[Task brief]:
Only the stretch of the listing below that runs from the line with "白鹿 ai换脸 3岁上央视5岁上春晚, 全家靠童星年入百万" through the line with "Health Economics from" is to be printed, exactly and with both ends.

[Material supplied]:
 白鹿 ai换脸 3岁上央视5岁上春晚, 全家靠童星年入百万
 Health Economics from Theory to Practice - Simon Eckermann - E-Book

==

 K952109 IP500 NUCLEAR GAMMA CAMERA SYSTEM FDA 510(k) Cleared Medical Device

* * *

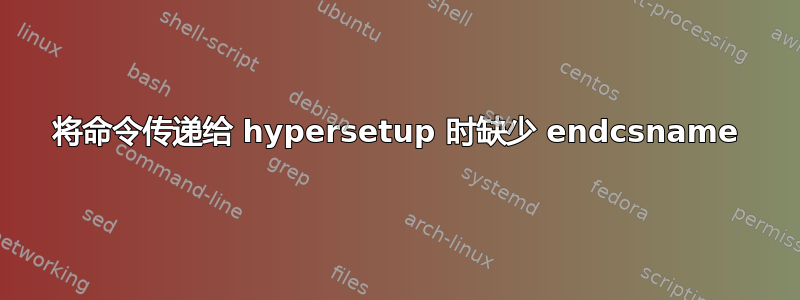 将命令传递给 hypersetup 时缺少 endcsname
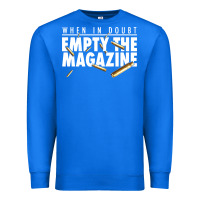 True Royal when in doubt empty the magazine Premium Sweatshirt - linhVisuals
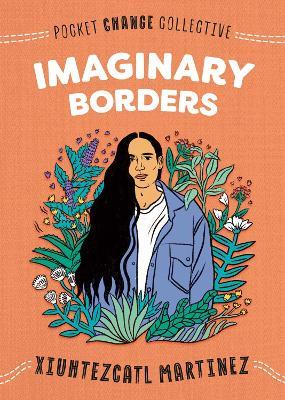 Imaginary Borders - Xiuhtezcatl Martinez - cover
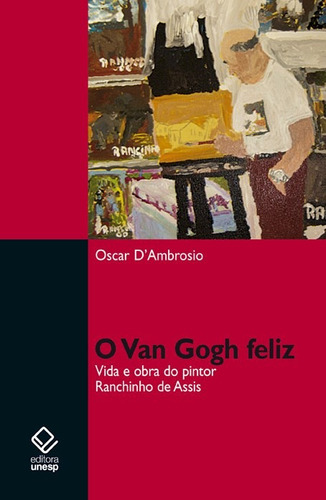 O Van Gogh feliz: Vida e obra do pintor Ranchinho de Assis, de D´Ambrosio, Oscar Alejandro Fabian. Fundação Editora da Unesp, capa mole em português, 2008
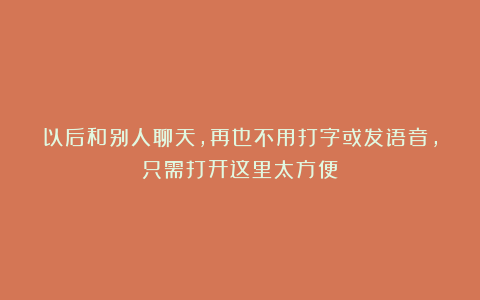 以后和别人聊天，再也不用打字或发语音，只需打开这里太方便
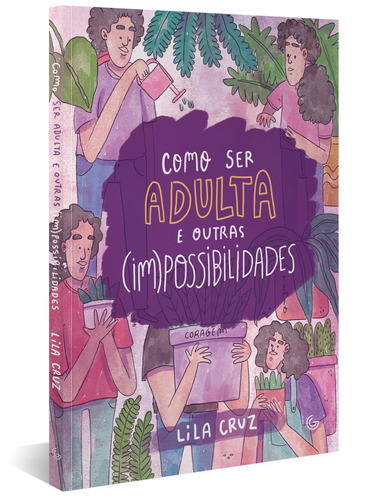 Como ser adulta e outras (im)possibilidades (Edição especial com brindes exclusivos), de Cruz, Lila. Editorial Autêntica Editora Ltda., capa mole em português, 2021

[Solution to the exercise]:
 白鹿 ai换脸 3岁上央视5岁上春晚, 全家靠童星年入百万
 Health Economics from Theory to Practice - Simon Eckermann - E-Book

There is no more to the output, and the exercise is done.